Unions of ordinals and their suprema

Question

I am trying to construct a nested collection $\{S_k:\,k\in \omega\}$ of sets of ordinals such that the order type of $\bigcup_k S_k$ is not the supremum of the order types of $S_k$, and to also give a condition on the $S_k$ such that no such construction is possible (as worded in the problem).

Inspired by $1+2+\cdots+\omega=\omega\cdot 2$ I figured enumerating $\{\alpha:\;\alpha<\omega+1\}=\{S_0,S_1\dots\}$ and taking $\bigcup S_i$ would give me $\omega\cdot 2$, where as the sup of the order types is just $\omega$ (or $\omega+1$, not sure). Is that correct?

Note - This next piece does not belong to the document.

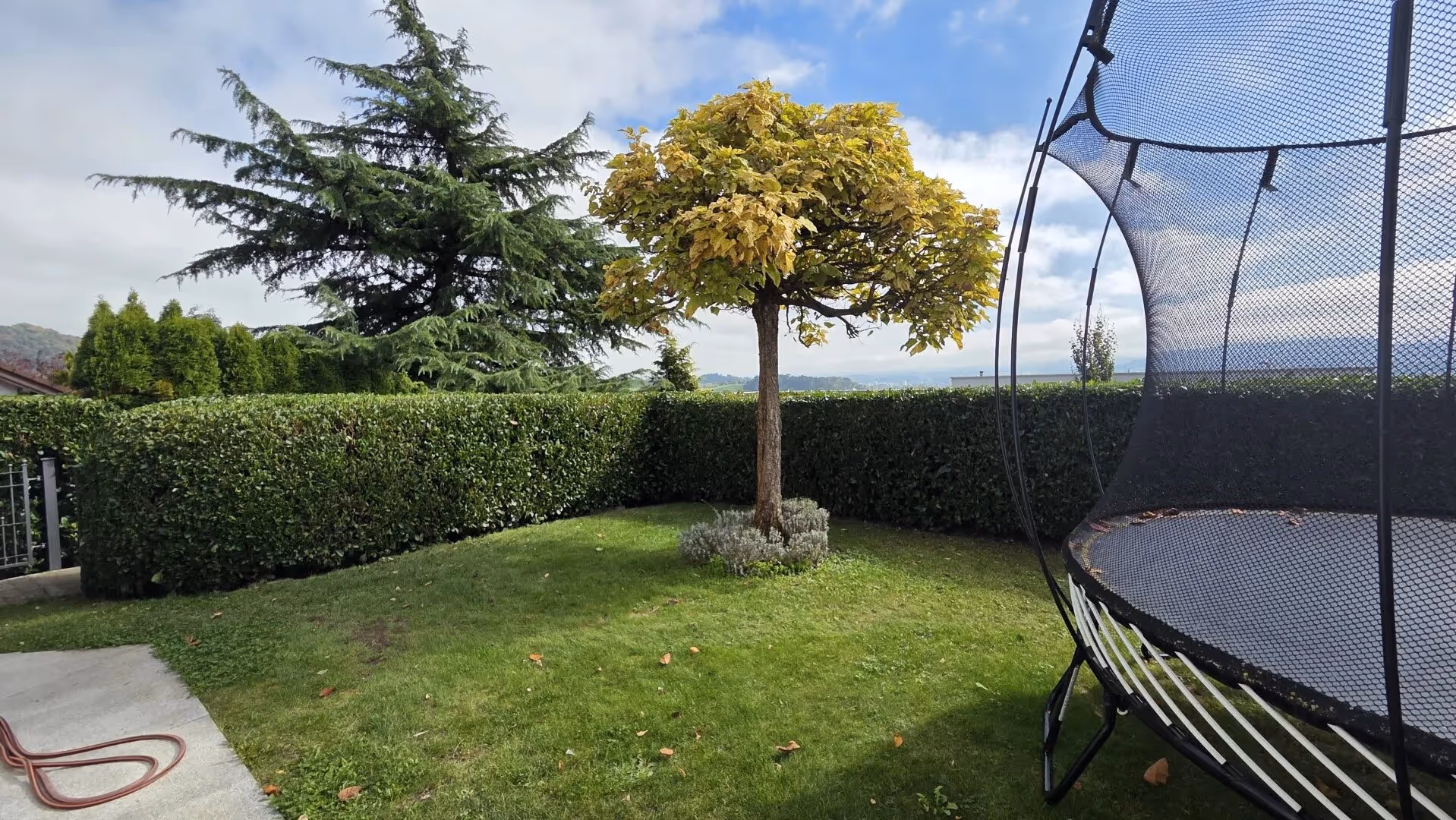 Kleiner Garten mit gepflegtem Rasen, einem Baum in der Mitte und einem Trampolin mit Netz rechts.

My initial plan was actually $S_k=\{0,\dots,k,\omega\}$ (since the question just stipulates "sets of ordinals"), but then I realised we might just have $\bigcup S_k=\omega$ and in fact order type of $S_k\neq\omega$ but possibly just $k+1$. Confused about the whole idea basically, a comment on that would be helpful too.

Last, as for the condition, at first I thought if the $S_k$ are eventually a chain of successors then this union will be the $\sup$ of the order types but again I'm not sure whether this is the condition we are after or whether it is even true.

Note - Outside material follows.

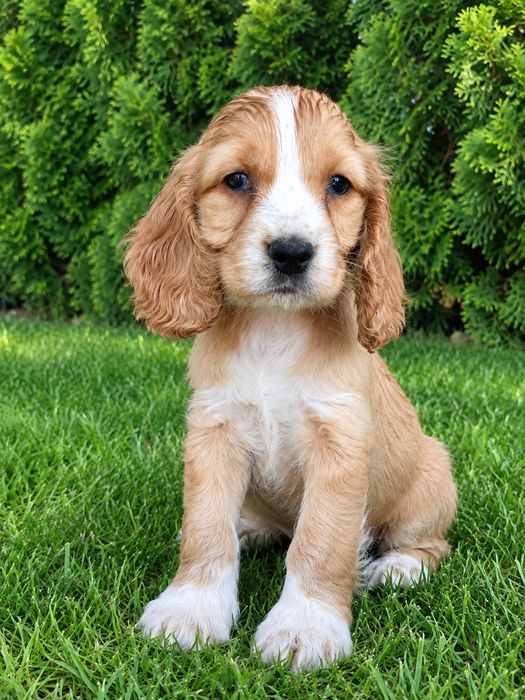 Cocker spaniel angielski Piesek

I would really appreciate a little help with understanding the concepts at play here...

Answer 1

Your initial plan works out just fine. Each $S_k$ has order type $k+1$, so the supremum of the order types is $\omega$. But the union is $\omega+1$ which is strictly larger.

The reason that the union is $\omega+1$ is that $\omega$ is a member of the union, and the union is in fact an ordinal, so it cannot be $\omega$ itself. You can also play with this to obtain any ordinal below $\omega\cdot2$; but also $\omega\cdot\omega$ by taking $S_k=\{0,\ldots,k,\omega,\ldots,\omega+k\}$.

Essentially, whenever $\alpha$ is a countable ordinal, you can enumerate it, and define a sequence of finite sets which increase towards $\alpha$; then if $\alpha>\omega$ you get something like that. Note that as $S_k$ is not necessarily finite, you can use this to conclude something on the cofinality of the ordinals at play here.

Answer 2

Ordinal exponentiation: For ordinals $A,B$ the ordinal $A^B$ is the order-type of the set $S(A,B)$ of functions $f:B\to A$ such that $\omega > |\{b\in B:f(b)\ne 0\}|,$ with the reverse-lex order $<_{r}$: When $f,g \in S(A,B)$ with $f\ne g$ and $c=\max \{b\in B:f(b)\ne g(b)\}$ then $f<_{r}g\iff f(c)<g(c).$

Let $A=\omega$ and $B=\omega +1.$ For $n\in \omega,$ let $$S_n=\{f\in S(A,B): f(\omega)\leq n \land \forall x\in \omega \;(f(x)\ne 0\implies x\leq n)\}.$$ Then $S_n\subset S_{n+1}$ and OT$(S_n)=\omega^{n+1}\cdot (n+1)<\omega^{n+1}\cdot \omega=\omega^{n+2}<\omega^{\omega}.$ So we have $$\sup_{n\in \omega}\text {OT}(S_n)=\omega^{\omega}< \omega^{\omega +1}=\cup_{n\in \omega}S_n=\text {OT}(\cup_{n\in \omega}S_n).$$

This is a variation on the theme of "The Rado-Milner Paradox": If $k$ is an infinite cardinal and $k\leq x<k^+$ there exists $T=\{K_n:n\in \omega\}$ with $\cup T=x,$ and OT$(K_n)\leq k^n$ for each $n\in \omega.$(Where $k^n$ denotes ordinal exponentiation.)